So, now I'll add another one to the list. There are always several layers of meanings to my thinking. All sorts of possibilities existing at the same time. I might whittle them down in order to present one to the world, but the others are still available in my head and completely valid. And that's where some of the problem comes in. Those other possibilities are still completely valid within my own framework. They fit all the information I've gathered. They were a part of my thinking all along the way, so I didn't just make them up in the moment in order to present a more palatable version of things. But, unfortunately, I think that's what happens when I'm confronted with information about myself that's embarrassing or otherwise not acceptable to my ego. I sift through all the layers and meanings and find the one that will help keep my ego intact. It's still completely valid from my pov. And it probably is completely valid in other ways, too. Except that it's not taking into consideration that whatever information is being presented to me that I find unpalatable is also completely valid. It may not be from my pov, but it is valid nonetheless. (And let's not get into the nitpicking about serial killers and what not. I'm talking about ordinary people who aren't trying to take advantage of anyone, they're trying to bring up an issue that they want to solve so that the relationship can move forward.)

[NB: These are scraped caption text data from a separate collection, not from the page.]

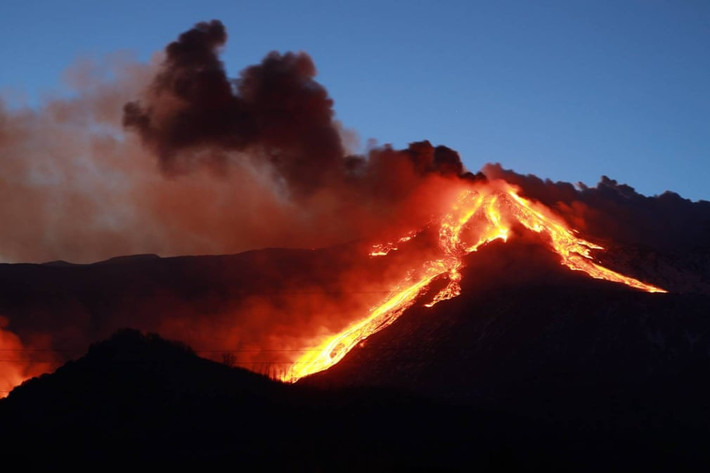 Mỗi năm, lượng dung nham mà núi lửa Etna tạo ra có thể lấp đầy tòa nhà cao 108 tầng. Nhiệt độ bên trong núi lửa vào khoảng 1.000 độ C. Mỗi lần phun trào của núi lửa này thường kéo dài vài ngày cho tới vài tuần.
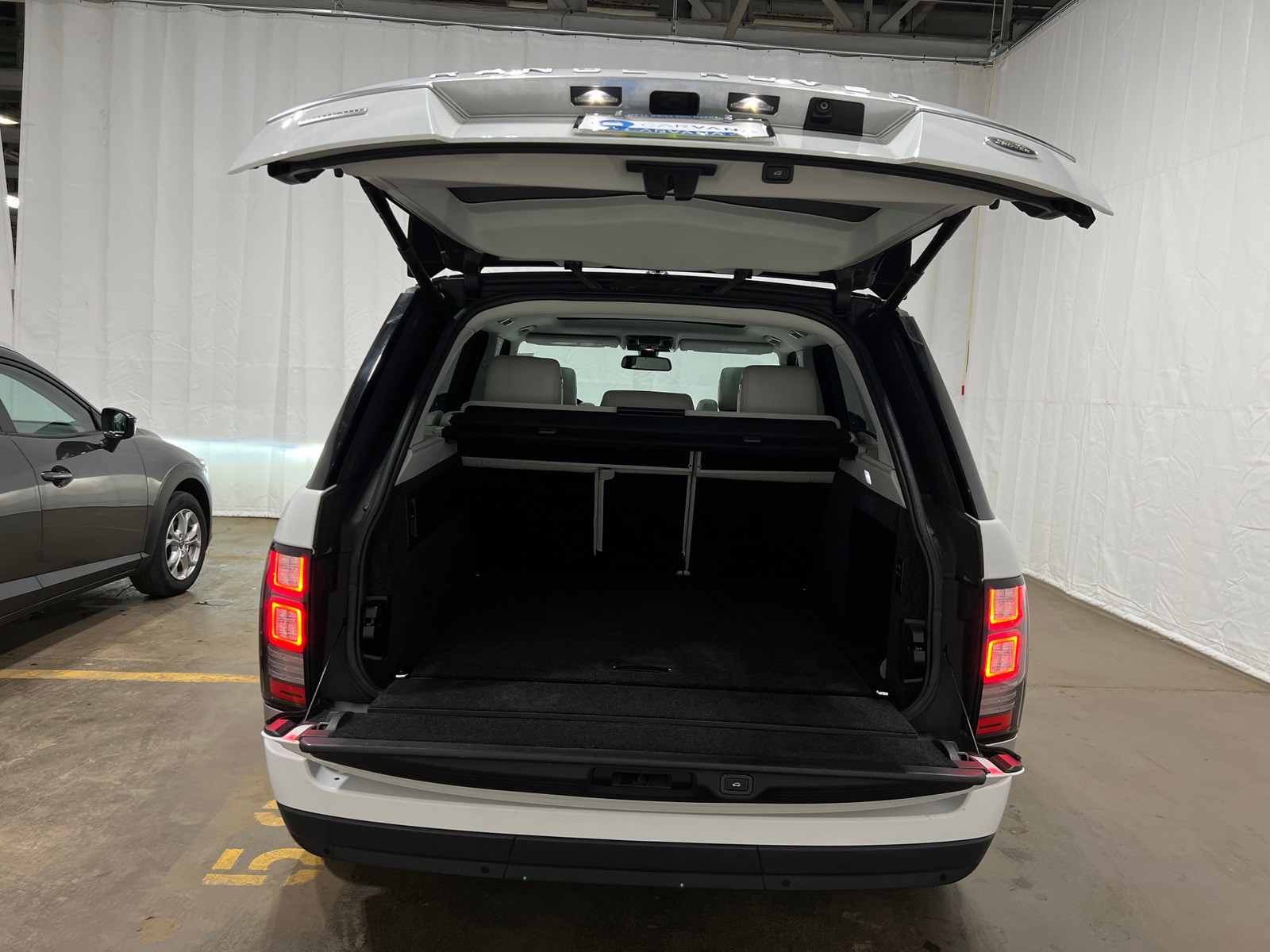 Thumbnail: 2014 Land Rover Range Rover - 6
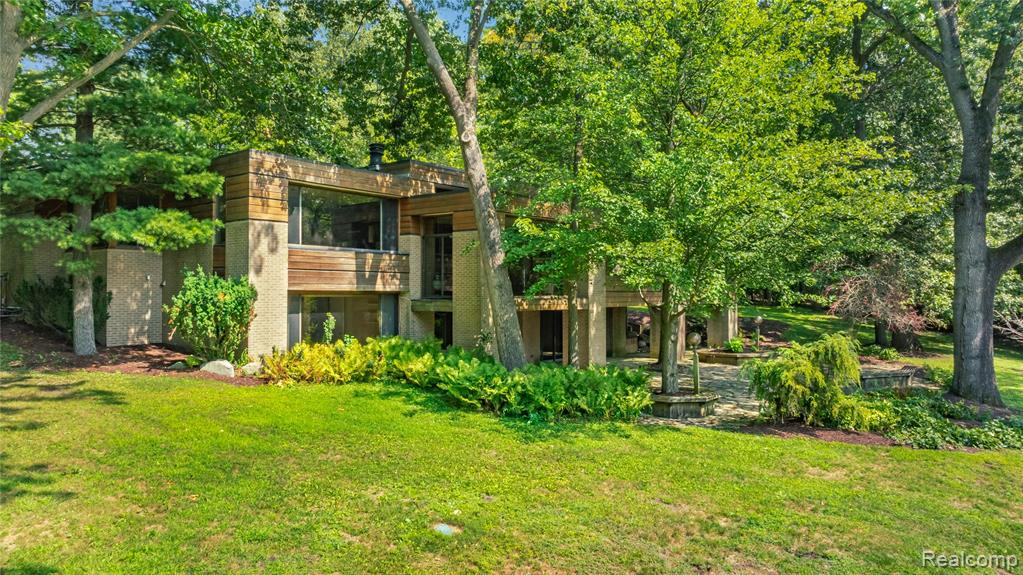 5035 Ponvalley Road Bloomfield Hills, MI 48302 - Photo 59 of 68 Gallery Image 59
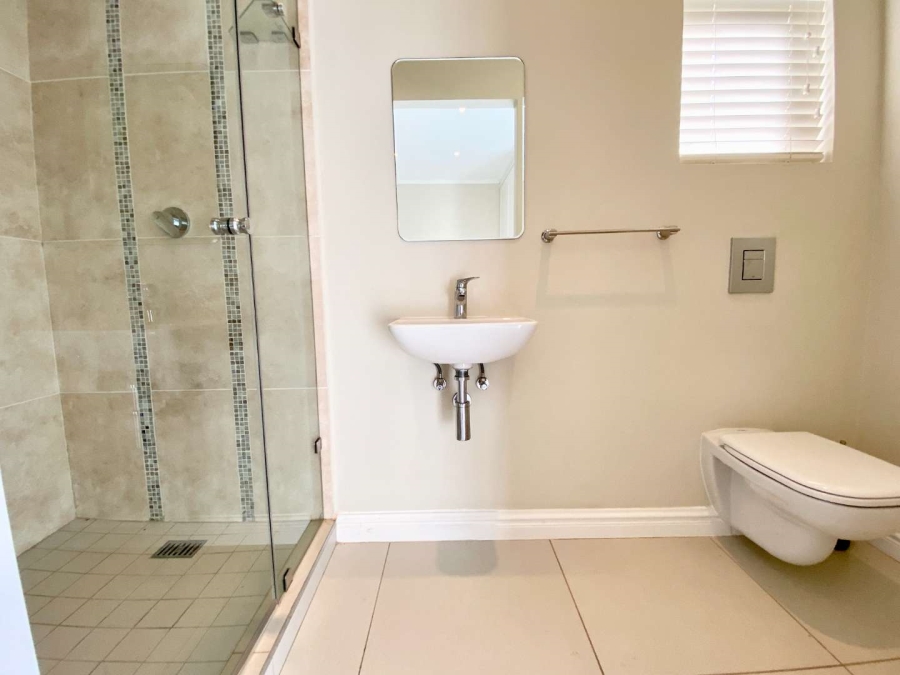 To Let 4 Bedroom Property for Rent in Umhlanga KwaZulu-Natal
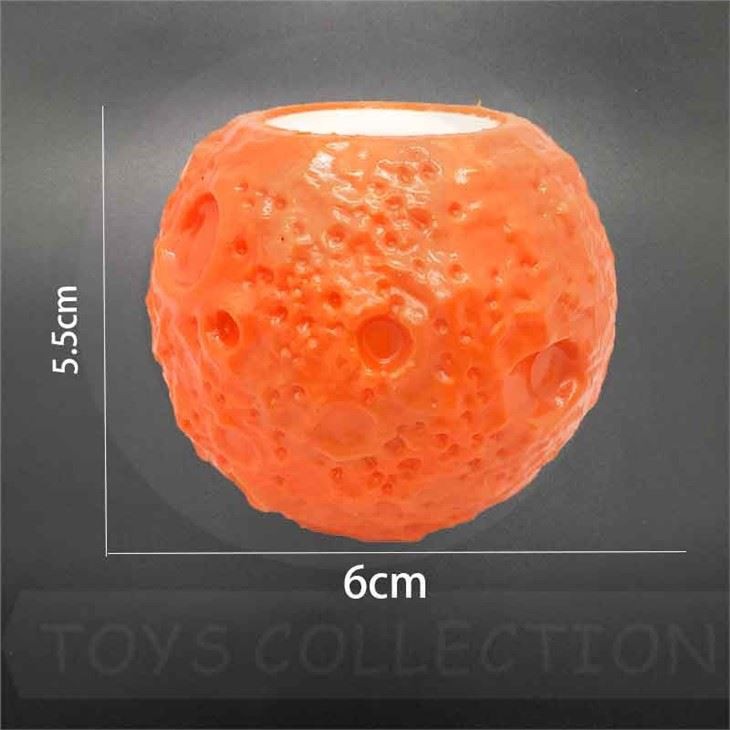 Squeeze Pop Up Astronauts Toy
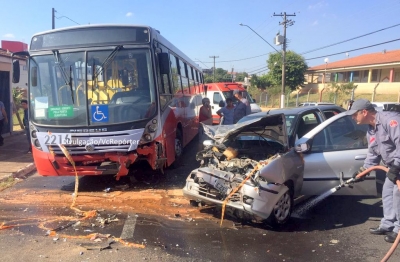 Carro fica destruído após colisão com ônibus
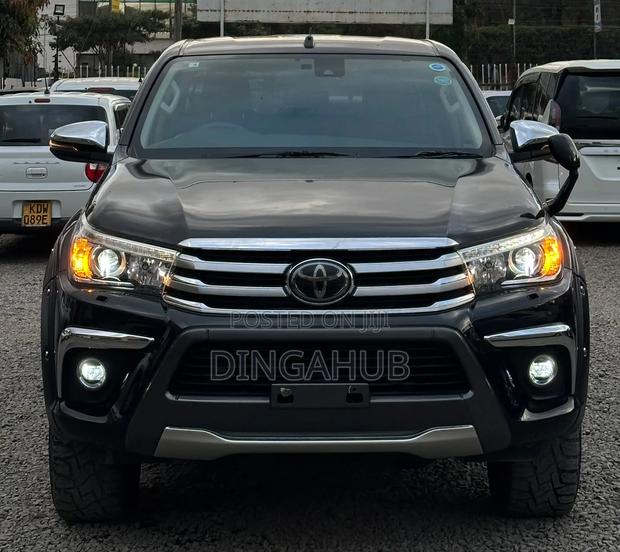 Toyota Hilux 2018 Matt Black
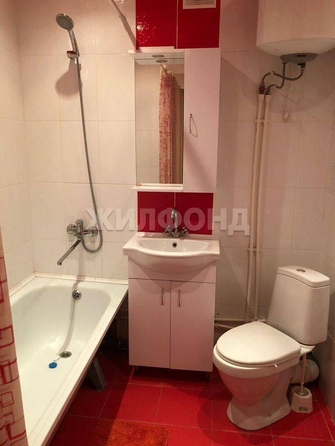 
   Продам студию, 32 м², Сибирская ул, 93

. Фото 8.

In the big picture of things, in my head, both pov's can be true, though, in some situations that can be difficult to resolve within my own thinking. What I've had to learn is to not present the other valid possibilities as an excuse. What I hope other types will consider is that there's more going on in my head than what you see coming out of me. But what I have to do is take responsibility for that stuff that comes out of me and how it's impacted other people. Because I did unleash it into the world and it did have an impact, whether it was one I intended it to have or not. And I've known that for a long time now, I just wasn't aware of how I might use the way my mind works to weasel out of being responsible.

all i've got to relate to here is just that if i don't actually see myself clearly, then the open-endedness of my thinking can easily become a detriment. my skill--holding so many possibilities open at once--becomes a weakness because i'm not really committed to any particular sense of reality. in these moments, if i can first check in with myself and really ground my sense of what is happening for me now and where i am coming from, i have the context i need to start working my way outward from where i'm really at. one thing that is especially crucial at getting to know my emotional context more deeply is to use my unconscious emotional projections, orientations, postures, etc, as sites of inquiry through which i can more deeply discern my NEEDS. needs, to me, means that when i find my vulnerabilities and see the competitive, challenging relationships between them, i'm inspired to care about myself. i feel empathy, and that has a tremendously clarifying affect because it frees so many resources, restores my sense of my own internal dynamics which, in turn, allows me to recognize those in others as well.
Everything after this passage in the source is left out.